- TO DO -
Output the entries that follow character for character. Leave every image out.

Pictures with short captions
┄┄┄┄┄┄

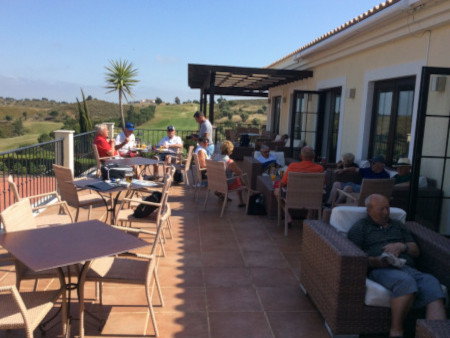 Fairway Golf Group Holidays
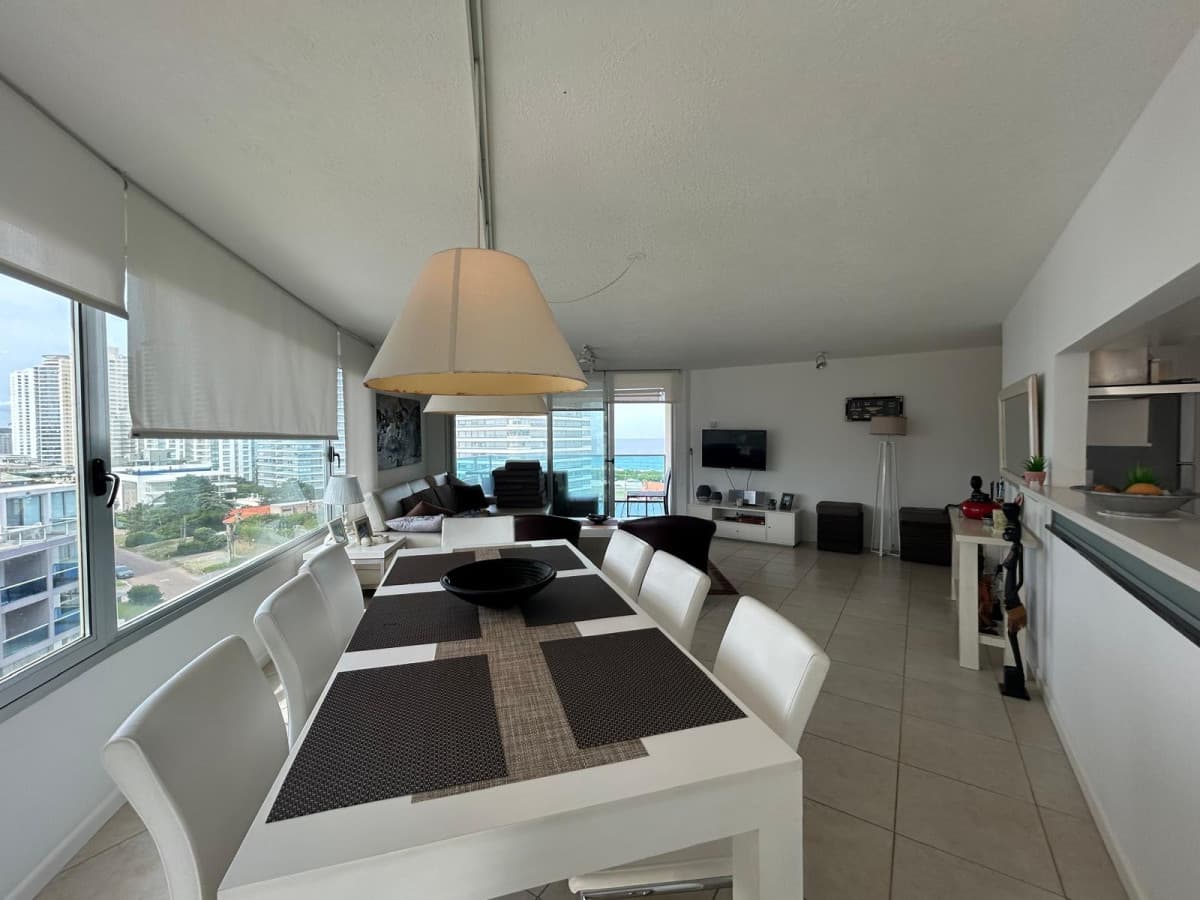 Apartamento ID.2827 - A 100 metros de la Playa Brava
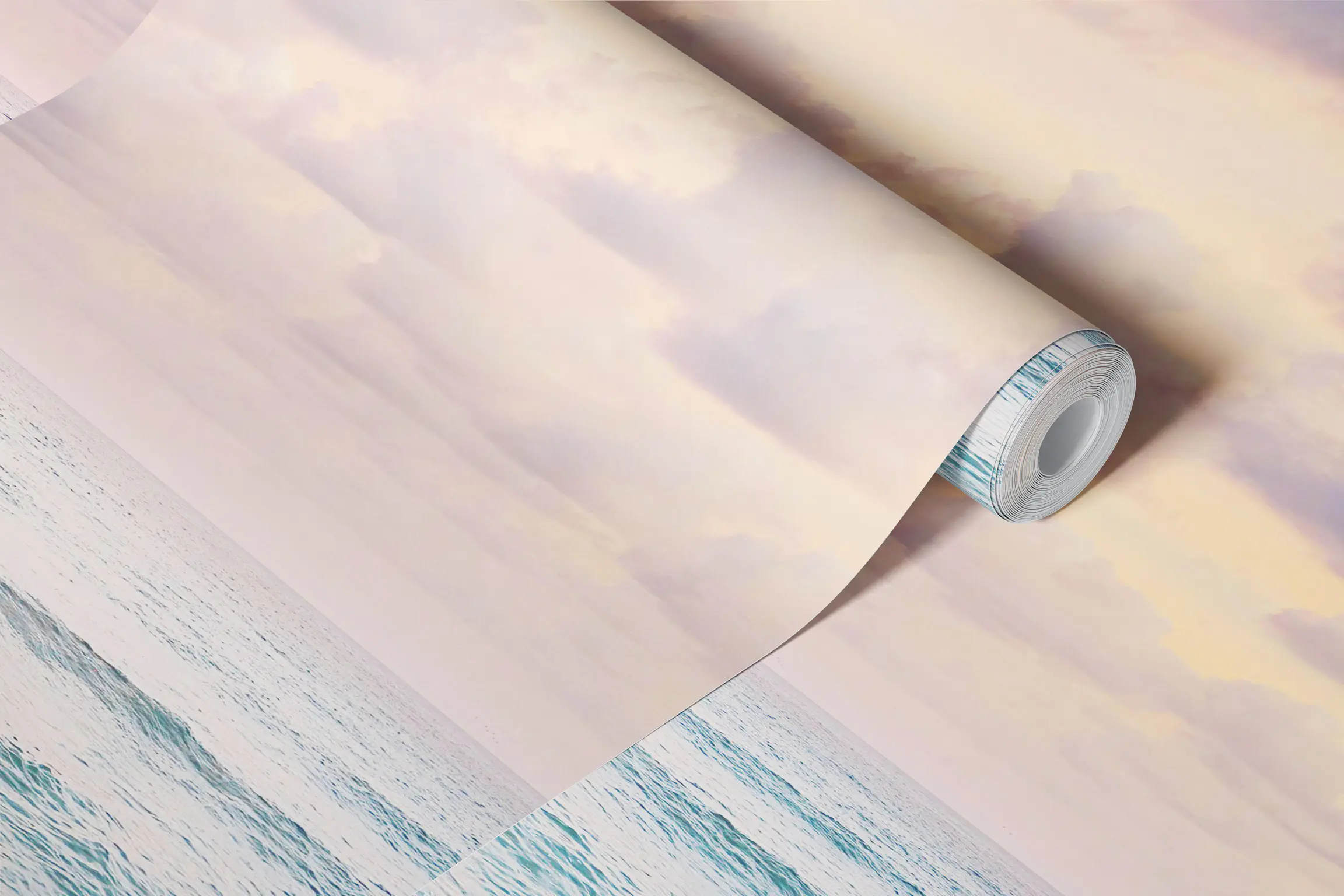 wallpaper roll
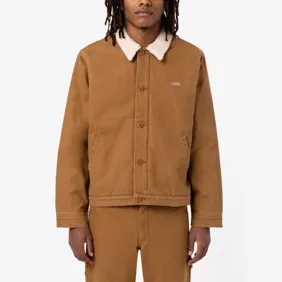Duck Canvas Jacket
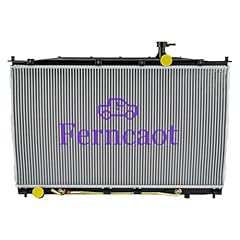Aluminum core radiator for sale  Delivered anywhere in USA 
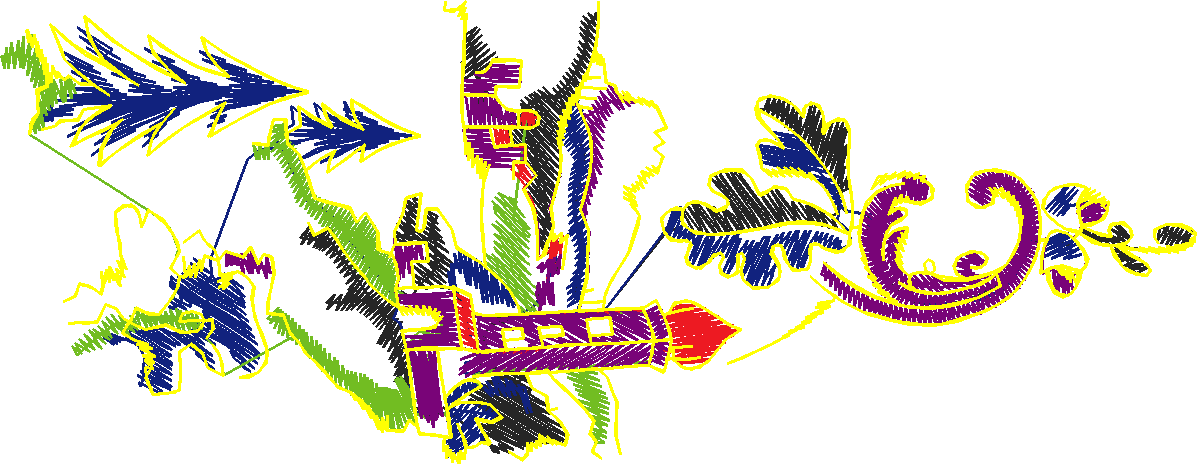 Pattern Combinations 1  (80)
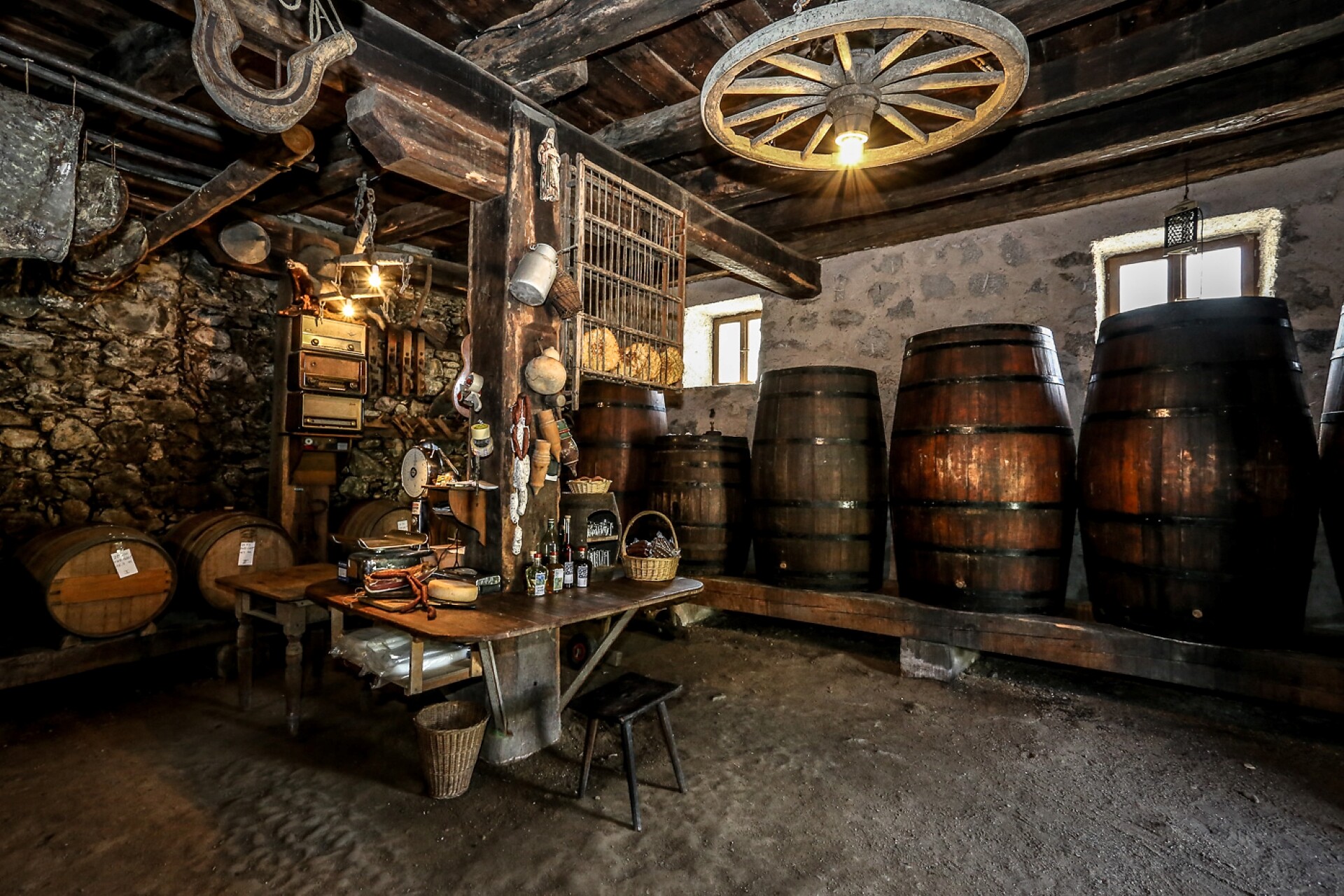 Cellar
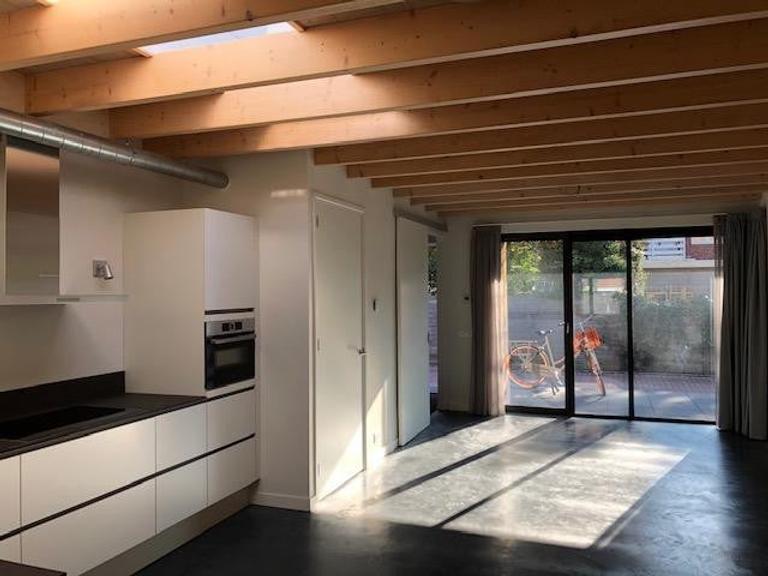 60 m² woning met tuin en parkeerplek - Afbeelding 17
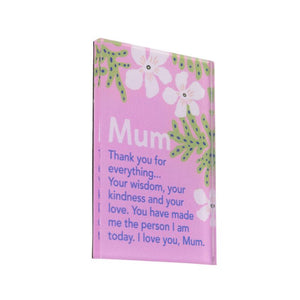 Meaningful Mum Magnet 1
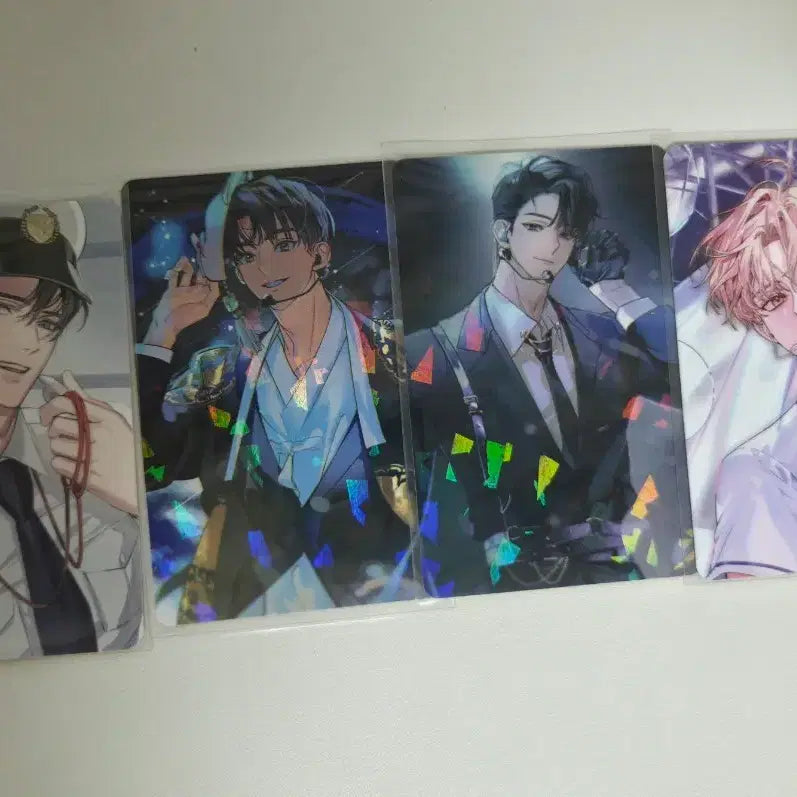 [BUNJANG] Debut or Die Official Photocard / 데못죽 공식 포카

┄┄┄┄┄┄

- RESPONSE TO THE TASK -
 Fairway Golf Group Holidays
 Apartamento ID.2827 - A 100 metros de la Playa Brava
 wallpaper roll
Duck Canvas Jacket
Aluminum core radiator for sale  Delivered anywhere in USA 
 Pattern Combinations 1  (80)
 Cellar
 60 m² woning met tuin en parkeerplek - Afbeelding 17
 Meaningful Mum Magnet 1
 [BUNJANG] Debut or Die Official Photocard / 데못죽 공식 포카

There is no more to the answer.